# male calico



## pimpin_posey (May 11, 2007)

My cat recently had kittens one jus so happens to be a male calico. im not keepin it  but i heard ppl will pay large amounts for one is is accurate?


----------



## LeilaNami (May 11, 2007)

possibly.  Male calicos tend to have health problems though.


----------



## Mudskipper (May 11, 2007)

My fiance is a vet and I asked him about it. He said male calicos are genetic brainfarts and do tend to have severe health issues ranging from kidney malfunction, brain damage, hyperthyroid (which sometimes causes aggression) bone weakness, genital deformities, cancer, chest deformities, diabetes. Basically they're not supposed to exist and nature takes lengths to keep it that way. He also said they are almost always infertile (but still should be neutered if you try to keep it as a pet, otherwise it has a 70-80 percent chance of testicle cancer and will urine mark all over house and have aggressive tendencies) and rarely live past 6 months of age. None make it past 2-3 years and despite popular urban myth they are not worth any money. In fact anyone who knows the truth about male calicos won't even adopt one for free because they're short lived and often cost a lot in vet bills.


----------



## bugmankeith (May 11, 2007)

I know people who have male calicos and they can get old like any other cat, but the chance of health problems are greater in one, and they are sterile (in most cases). So some do die young, but that can happen with any living creature, not just because it's calico.

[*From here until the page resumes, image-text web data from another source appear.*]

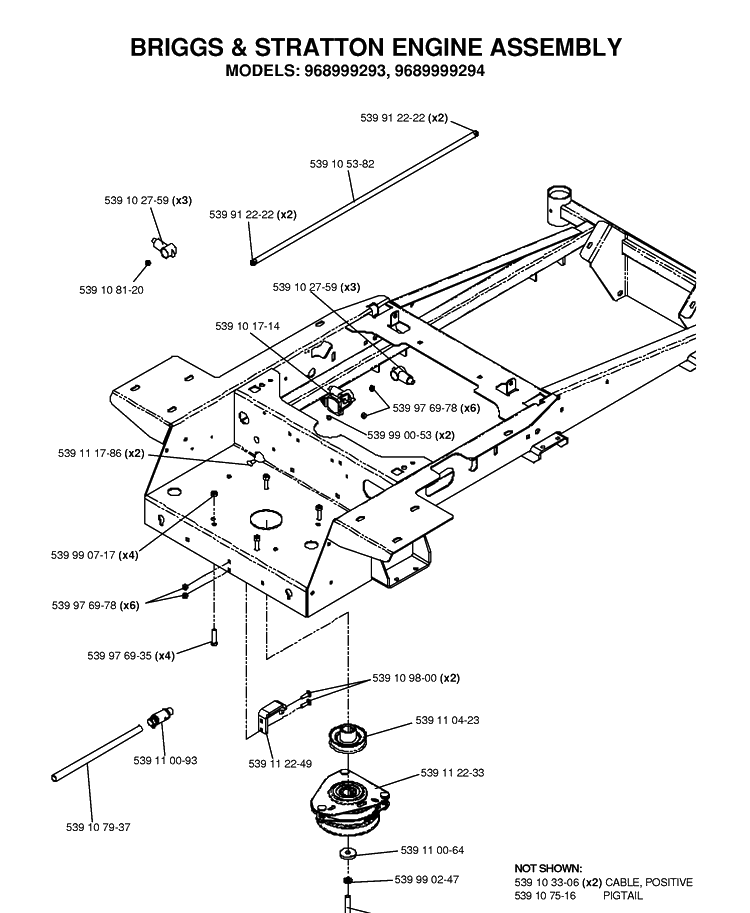 Engine 2 Diagram and Parts List for (968999374)(2006-02) Husqvarna Lawn Mower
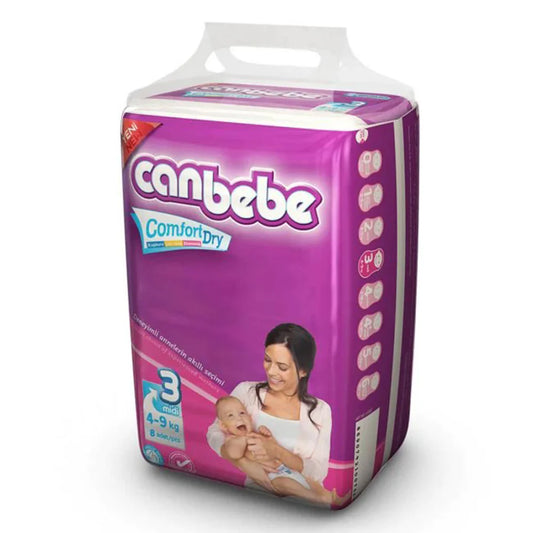 Canbebe Diapers -3 - Economy Pack - 36 Pcs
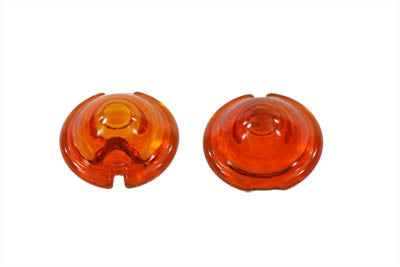 Replica Marker Lamp Lens Glass Bullet Style Amber - V-Twin Mfg.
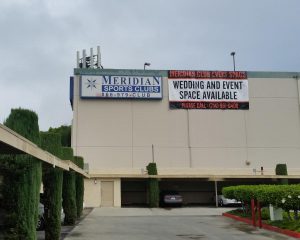 The city-owned land occupied by the Meridian Sports Club, seen here, has been identified as property the city would be willing to sell.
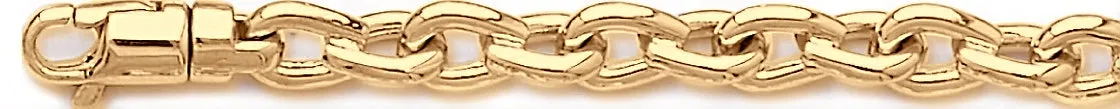 8.5mm Semi Rolo Link Bracelet
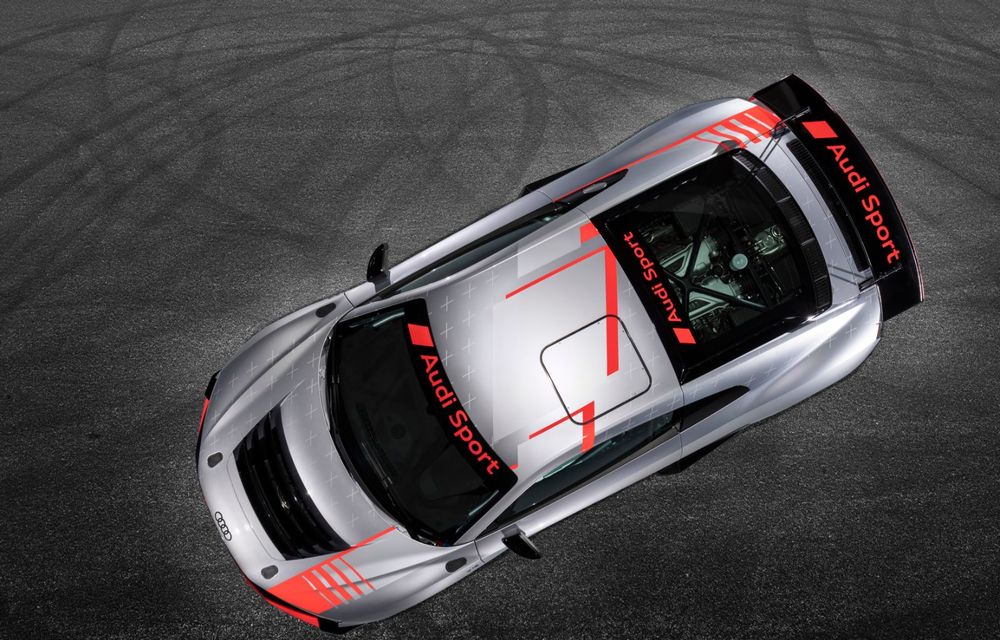 Audi a prezentat noua versiune R8 LMS GT4: versiunea de circuit oferă 495 CP și roți motrice spate - Poza 13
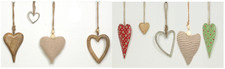 Dekoherzen Herzhänger Herz Holz Metall Stoff zur Auswahl Fensterdeko Wandhänger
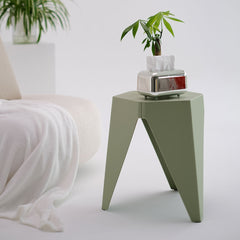 Artiss 4 Piece Puzzle Stool Bar Stools Stackable Green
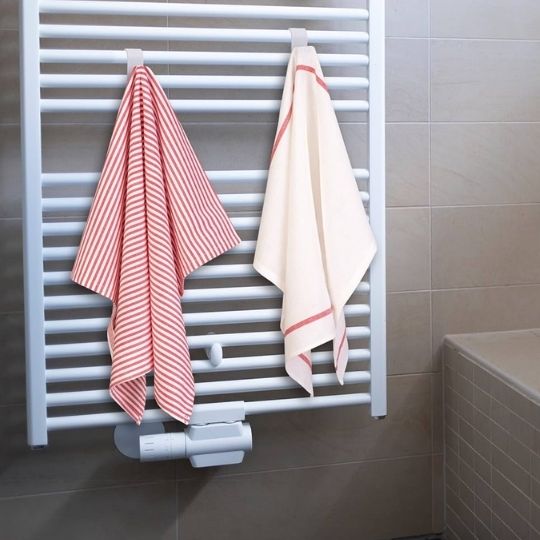 Porte-serviette installation rapide sans outil ni vis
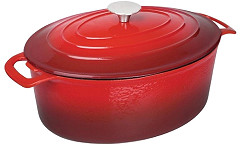  Vogue Grande cocotte ovale rouge 6L 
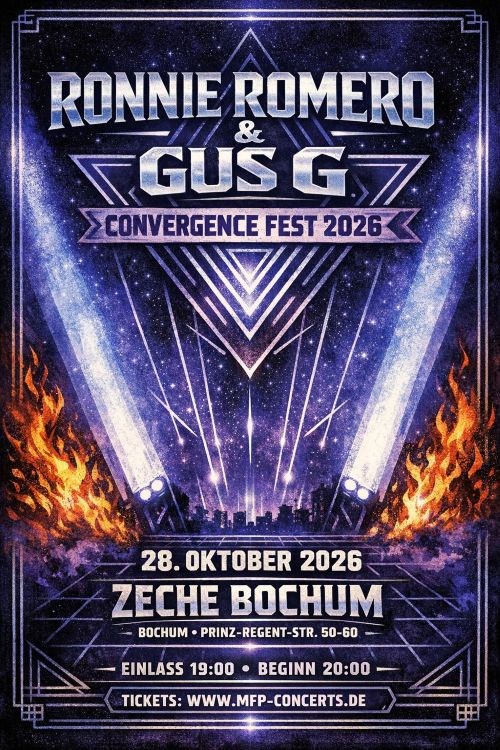 Ronnie Romero & Gus G live in Bochum – Convergence Fest 2026 | Zeche Bochum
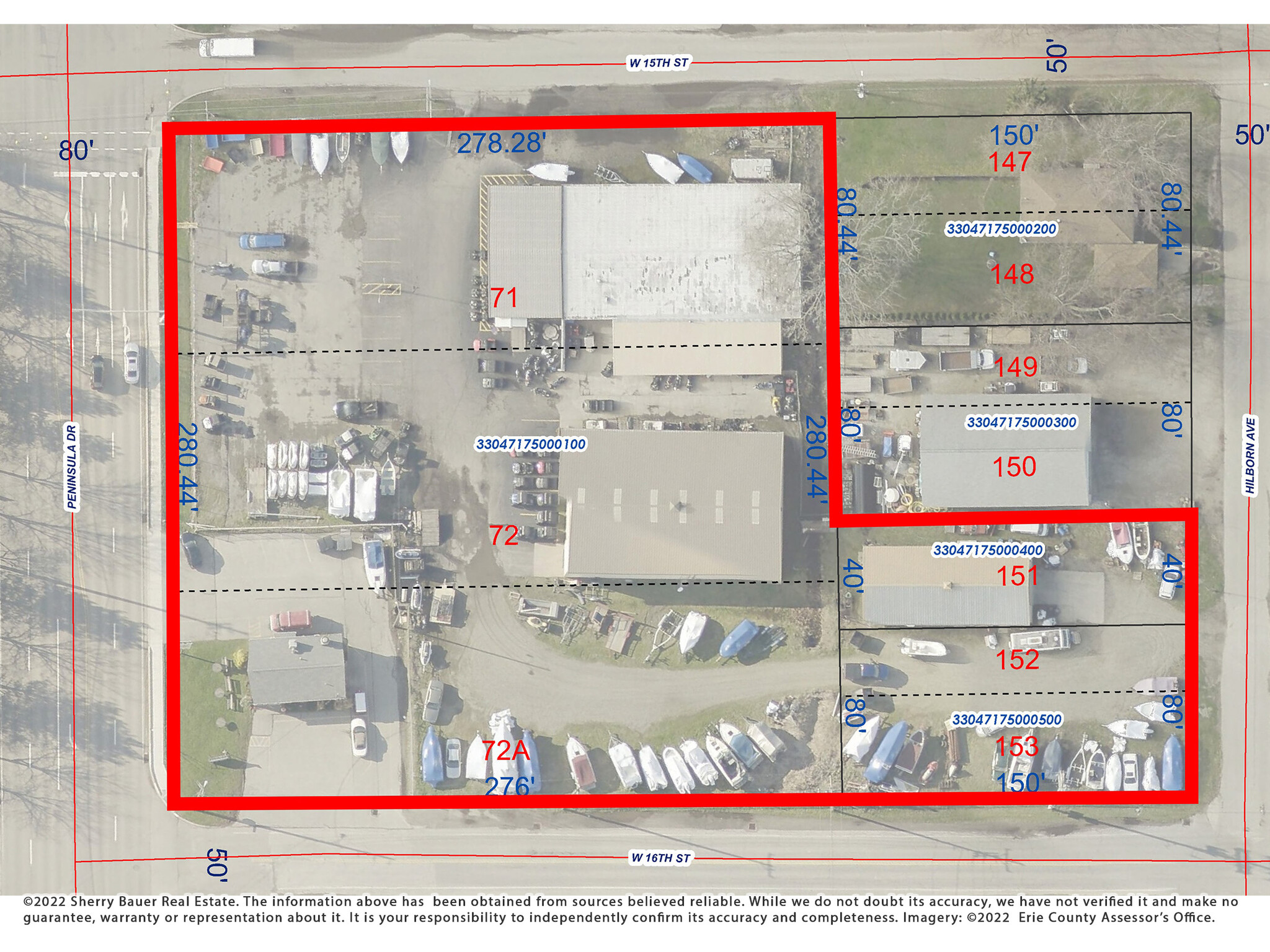 1501 Peninsula Dr, Erie, PA for lease Plat Map- Image 1 of 7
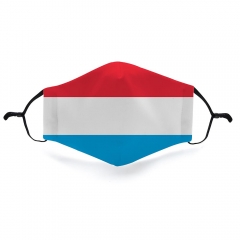Mask Luxembourg flag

Your calico cat has just as much of a chance at a normal life as it's siblings except for mabye being sterile.


----------



## roach dude (May 12, 2007)

Whats the difference between calico and a normall cat?


----------



## LeilaNami (May 12, 2007)

calicos have orange, black/brown, and white as their coloring and are 99.9% female.  The few males that are born are "genetic brainfarts" as it has been said


----------



## Yuki (May 12, 2007)

Oh wow.... a male cali? I didn't think it could happen...


----------



## bugmankeith (May 12, 2007)

Relax, his lifespan will be the same as any other cat, he's just very unique so be sure you find him a good owner!


----------



## Mudskipper (May 13, 2007)

>Relax, his lifespan will be the same as any other cat, he's just very unique so be sure you find him a good owner!<

Er, not so likely according to the veterinarian I live with. He said a little more than half will pass away in the first year. But it's always possible for them to live to 18-20 like some cats can do, too. But lifespan can vary depending on what the owner is willing to spend on vet care, aka if he's diabetic or needs monthly fluid treatment to boost his kidneys. Or who knows, he could have no problems at all. 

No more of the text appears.